Mahasiswa & Buruh Dijadikan Target Infiltrasi

Gerakan Umat Islam Kaffah melihat adanya pola terstruktur dan sistematis dalam penyebaran narasi gelap tersebut, dengan menyasar kelompok mahasiswa, organisasi buruh, dan aktivis sosial. Buku Indonesia Gelap dinilai sebagai “kemasan intelektual” untuk menutupi tujuan sebenarnya.

“Mahasiswa harus sadar, jangan sampai dijadikan alat. Apalagi kalau ujung-ujungnya dimobilisasi untuk mendukung ideologi yang sudah dilarang di Indonesia,” tegas Sayuti.

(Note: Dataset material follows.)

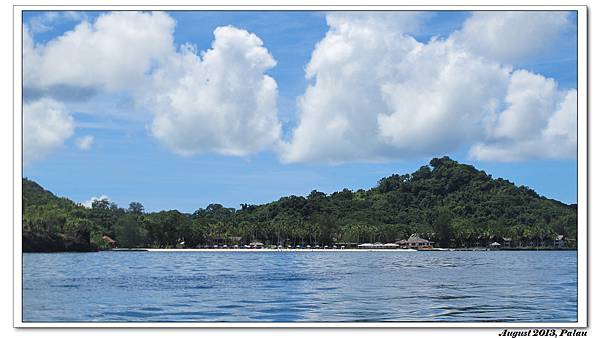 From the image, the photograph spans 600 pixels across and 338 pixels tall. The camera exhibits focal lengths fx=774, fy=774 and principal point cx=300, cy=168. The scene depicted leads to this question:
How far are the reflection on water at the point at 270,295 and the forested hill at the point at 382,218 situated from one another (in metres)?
1.00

Peringatan Terbuka: Jangan Terkecoh Topeng Literasi

Sayuti mengingatkan bahwa HTI dan kelompok sejenis kini tak lagi menggunakan pendekatan keras, melainkan strategi halus berbasis literasi, diskusi publik, dan kampanye digital. Buku Indonesia Gelap hanyalah salah satu dari banyak cara mereka menembus ruang-ruang intelektual.

“Mereka tahu frontal akan ditolak. Jadi mereka masuk lewat buku, diskusi kampus, dan konten ‘intelektual’ yang dibalut keresahan sosial. Ini harus diwaspadai,” katanya.

Kritik Boleh, Tapi Jangan Jadi Kuda Troya!

Aktivis GUIK tersebut menegaskan bahwa kritik terhadap pemerintah adalah bagian dari demokrasi. Namun, jika kritik dijadikan tunggangan kelompok terlarang untuk menyusupkan ideologinya, maka itu adalah bentuk pengkhianatan terhadap bangsa.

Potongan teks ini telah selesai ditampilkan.